Belgium's regional government of Wallonia came under fire on Monday for authorising the sale of weapons to Libya in 2009, prompting a probe into whether the arms were used against protesters.
The governments of the French-speaking region asked the Belgian ambassador in Tripoli to ask Libyan authorities how the weapons have been used, said Christopher Barzal, spokesman for Wallonia's regional leader Rudy Demotte.
Wallonia gave an export license to Liege-based FN Herstal for the sale of 367 F2000 assault rifles, 367 P90 submachine guns, 367 Five-Seven handguns, 20 Minimi light machine guns, 22,000 rifle grenades and 1.134 million rounds of ammunition for these weapons, for a total value of 6.9 million euros.
The license also authorised the sale of 2,000 FN 303, a compressed-air gun that fires projectiles which, according to the firm's website, can be used to stop a "hostile but unarmed individual or group" among other things.

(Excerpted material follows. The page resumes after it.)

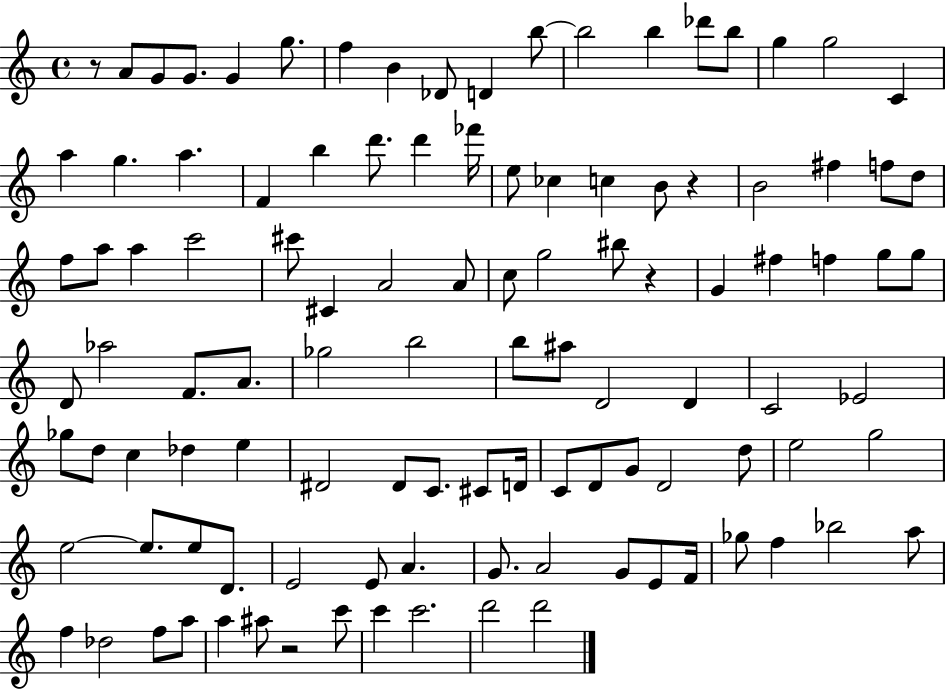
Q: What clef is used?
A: treble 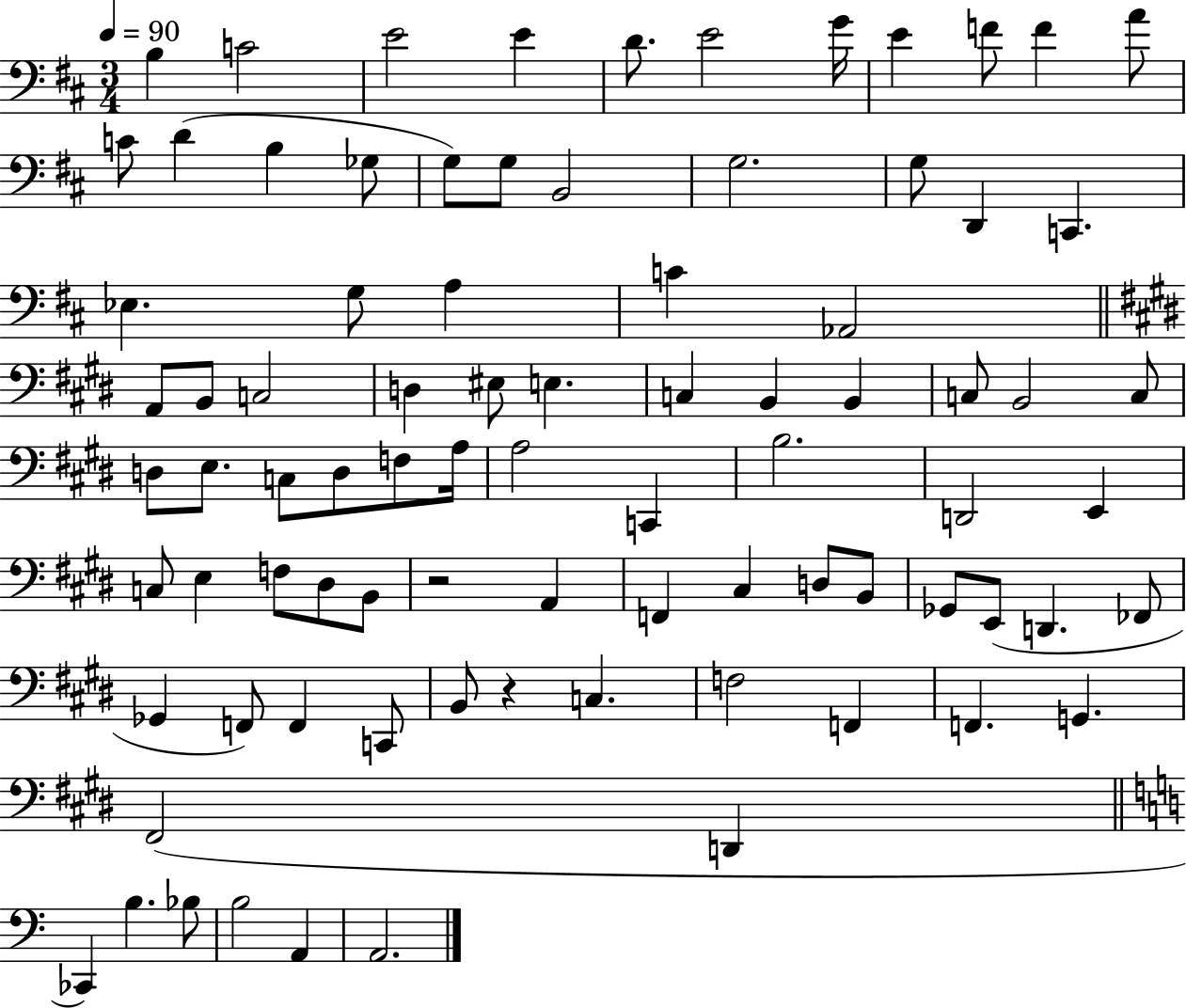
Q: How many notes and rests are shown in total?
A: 84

The sale of these so-called "less-lethal" weapons was valued at 5.3 million euros.
The final use certificate states that the weapons are for the exclusive use of the Libyan army's 32nd elite forces battalion for a mission to protect "humanitarian aid convoys to Darfur", Barzal said.
The Belgian Human Rights League expressed fears that the weapons could have been used by the regime of Libyan leader Moamer Kadhafi to repress anti-government protests, but it admitted it had no proof.
"The probability is very low, but we have asked the ambassador to verify urgently," Barzal said.
The European Union lifted an arms embargo on Libya in 2004.
In Belgium's decentralised political system, the regions are responsible for approving licenses for arm exports.